What you once thought was normal behavior may, in fact, be toxic. There are little indicators that prove you’ve witnessed unhealthy mother-daughter relationships, which are in dire need of repair. Those snarky remarks aren’t cute and no, they are not to be looked over. These things are signs of trouble, and if you can catch them in time, you may be able to save your relationship. If not, your entire life can be infected by bitterness.
Discovering the flawed connection
Unhealthy mother-daughter relationships come in various forms. There are no singular ways to describe the characteristics. On the other hand, these relationships can be placed in categories to help you understand the types. Here are a few examples and how they affect your future.
The controlling relationship
This form of parenting is seen quite often in mother-daughter relationships. It is also considered a normal way of parenting for mothers who have endured the same behavior from their own mothers. Controlling mothers pay little attention to their daughter’s feelings and needs. They often project a set of needs onto their daughter and say that it’s for their daughter’s “own good”.
At the same time, the mother will keep the daughter pressed down so that it’s easier to control the entirety of her life. The daughter complies because she believes she is never good enough to do things on her own. Behavior like this can affect how the daughter performs in school or work and keeps her from reaching higher goals. It can also become the same parenting technique for when the daughter has a daughter of her own.
The critical relationship
It’s okay to be critical of some things, but it’s unhealthy to nit-pick everything your daughter says or does. Being overly critical is seen in many mother-daughter relationships. This is why we see so many mothers pressuring their daughters to be more, do more and look better.
If a young woman fails, her critical mother will recognize each failure and make it larger than it really is. Enduring a critical mother can make it hard for a daughter to love herself properly. She will never think she’s good enough.
My aunt had three daughters, and she fought terribly with all of them. However, the youngest daughter seemed to make her blood boil. My aunt would grab her by the hair and throw her across the room. I’m surprised she was never arrested for child abuse. The point I’m making in saying this is some mother-daughter relationships are one big fight, all the time. To them, it’s normal to “raise hell”.
Unfortunately, abuse or even just constant fighting can cause so much damage to a woman. She will never be able to see her mother as a loving and caring protector. Some daughters see their mothers as the enemy, and that’s a shame.
The big joke
Sometimes mother-daughter relationships can seem like one big joke, literally. In many families, parents, both mothers, and fathers thrive on poking fun at their children.

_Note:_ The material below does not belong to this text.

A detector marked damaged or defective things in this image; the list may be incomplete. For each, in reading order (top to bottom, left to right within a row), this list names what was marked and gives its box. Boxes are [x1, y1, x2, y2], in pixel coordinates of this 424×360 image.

This can be okay if it’s only occasional joking. But when a mother jokes about her daughter constantly, it can cause psychological damage. After the same jokes are told, the child starts to believe these are facts, insults that the parent want to make but put them in comedic form.
Children are smart. They hear redundant things and they read between the lines. While some mothers simply enjoy cracking jokes about their children, they don’t realize that their words have the power to make or break their daughter’s self-esteem.
Some relationships between mothers and daughters are dramatic productions. Simple communication is just not enough to satisfy this toxic mother. She must make every mistake seem like the end of the world. The family drama includes screaming, throwing things and insults, designed to instill fear into the other person.
Mothers who use such drama believe that there is no other way to get their point across without blowing everything out of proportion. The long-term effects of this for daughters means the possibility of experiencing PTSD (post-traumatic stress disorder) or passing on the same behavior to later generations.
The dismissive relationship
One of the most hurtful relationships between mother and daughter is the dismissive type. This sort of relationship leaves the daughter feeling as if she doesn’t exist. The mother always has her own agenda and despite how hard the daughter begs for her attention, the mother cannot see the effort.
This relationship form can lead to low self-esteem and constant competitiveness. The daughter will continue to seek the attention that she did not receive from her mother and fail to provide the same attention needed by her own daughter.
Opposite of the dismissive relationship is the one with no boundaries. Some mothers are always snooping around and invading privacy, or as they call it, “just being concerned for their children”. I bet you’ve heard that before. Maybe you are the mother trying to break the passcode on your daughter’s phone…tsk tsk.
Well, it’s actually healthy to have boundaries between mother and daughter, but it’s a fine line. While you want to make sure you are keeping your offspring safe, you also want to give them room to be themselves. As for adult mothers and daughters, yes, your child still needs healthy boundaries with you.
A mother-daughter relationship can be healthy
For unhealthy mother-daughter relationships, I think, before tackling these issues, you should find time to sit and just communicate. As a matter of fact, when was the last time you actually talked to your daughter? I don’t mean when you delegated responsibilities or you reprimanded them for a bad decision. Adult mothers: I also don’t mean when you fought with her about her own parenting skills.
When I say communicate, I mean getting to know each other as individuals. This is a great way to be fair and to set ground rules for the household. Communication opens pathways to these other issues so that you can find ways to repair all the toxic symptoms.
Yes, I do believe mothers and daughters can have a healthy relationship. So let’s get started now!